Yadira Cabrera (COM’24) is one of a growing number of first-generation college students at Boston University. When she graduated, her mother Maricarmen was sitting in the audience. But Cabrera also carried her mother onstage, deep in her heart, knowing that her mom’s sacrifices were instrumental in making the journey possible.

Students like Cabrera are increasingly experiencing a strong sense of well-being, belonging, self-efficacy, and academic accomplishment, thanks to University initiatives like the Newbury Center for first-generation students, creative and ambitious financial aid programs like affordableBU, and the hiring of faculty experts such as Associate Professor of Higher Education Leadership Anthony Abraham Jack, whose scholarship is bringing new understanding of the first-gen experience.

Growing up in a Dominican American community near Inwood Hill Park in New York City’s upper Manhattan, Cabrera was raised by her single mom and older sister. Her mother worked seven days a week, year-round, rising at 5 am to make Dominican dishes that she would sell at construction sites around Manhattan. Workers would wait to take lunch until Maricarmen showed up. In the summer, she would also make pastelitos, a Dominican snack, which she sold to visitors enjoying the local park. When Cabrera entered high school, her mother drove a cab to better support her family. It was a tough job and another sacrifice, one made to ensure Cabrera got her education.

Yadira Cabrera is the first college graduate in her family, thanks to BU’s efforts to improve educational access—and her mother.

As soon as she arrived at BU, Cabrera started giving back to the community, joining Students of Caribbean Ancestry, the Association of Latino Professionals for America, and AdClub. She served as copresident of PRLab, president of the BU chapter of the Public Relations Student Society of America, and cochair of the Class Gift campaign. In addition, she held down two to three jobs every semester, including stints working the late-night shift at the West Campus dining hall, covering the front desk at the Fitness & Recreation Center and Howard Thurman Center for Common Ground, and interning with BU Productions.

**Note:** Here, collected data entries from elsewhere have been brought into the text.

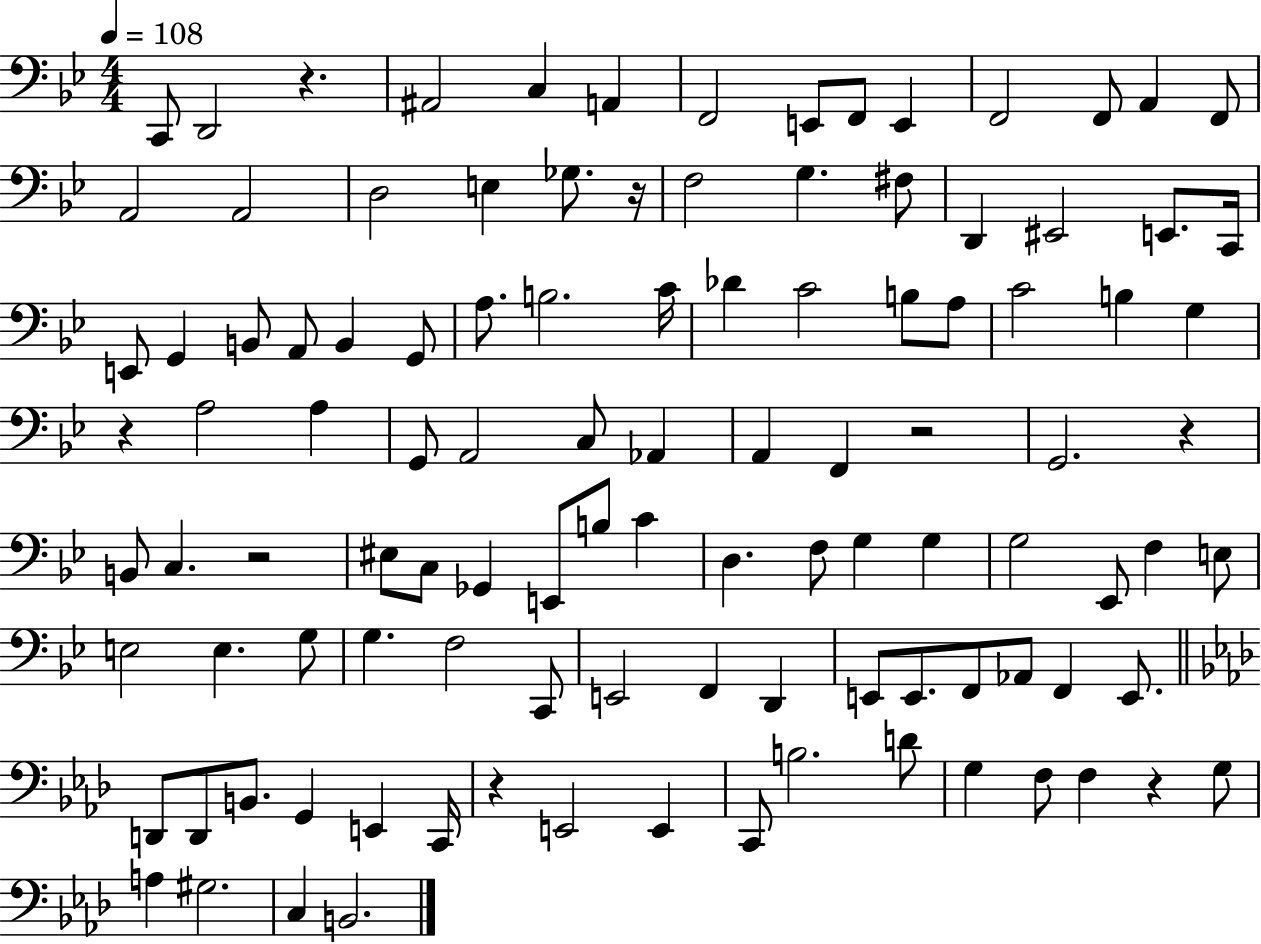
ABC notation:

X:1
T:Untitled
M:4/4
L:1/4
K:Bb
C,,/2 D,,2 z ^A,,2 C, A,, F,,2 E,,/2 F,,/2 E,, F,,2 F,,/2 A,, F,,/2 A,,2 A,,2 D,2 E, _G,/2 z/4 F,2 G, ^F,/2 D,, ^E,,2 E,,/2 C,,/4 E,,/2 G,, B,,/2 A,,/2 B,, G,,/2 A,/2 B,2 C/4 _D C2 B,/2 A,/2 C2 B, G, z A,2 A, G,,/2 A,,2 C,/2 _A,, A,, F,, z2 G,,2 z B,,/2 C, z2 ^E,/2 C,/2 _G,, E,,/2 B,/2 C D, F,/2 G, G, G,2 _E,,/2 F, E,/2 E,2 E, G,/2 G, F,2 C,,/2 E,,2 F,, D,, E,,/2 E,,/2 F,,/2 _A,,/2 F,, E,,/2 D,,/2 D,,/2 B,,/2 G,, E,, C,,/4 z E,,2 E,, C,,/2 B,2 D/2 G, F,/2 F, z G,/2 A, ^G,2 C, B,,2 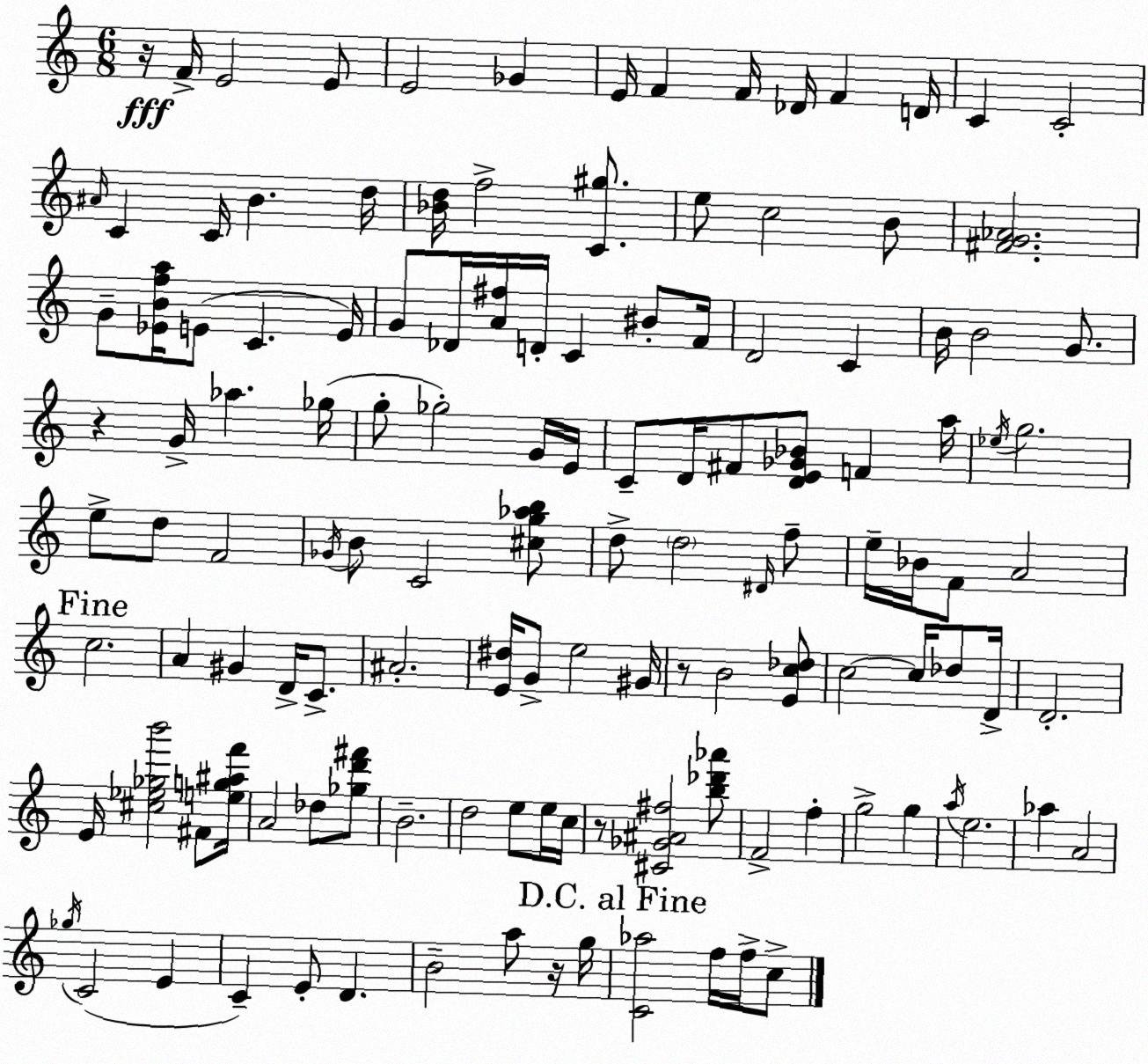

In recognition of her academic success and contributions to the University, Cabrera received a coveted College of Communication Blue Chip Award, given to only a handful of graduates each year. She was also inducted into BU’s Scarlet Key Honor Society. And, above all, she became the first in her family to graduate from college.

Cabrera hopes to start her own PR agency serving entrepreneurs from various backgrounds. Her mother will never be far from her mind. “Commencement was full-circle for my mother,” Cabrera says. “This is what she’s been working toward her whole life. I still have a lot to learn. But it just feels like the biggest step of my life is going to be everything that I do from here on out.”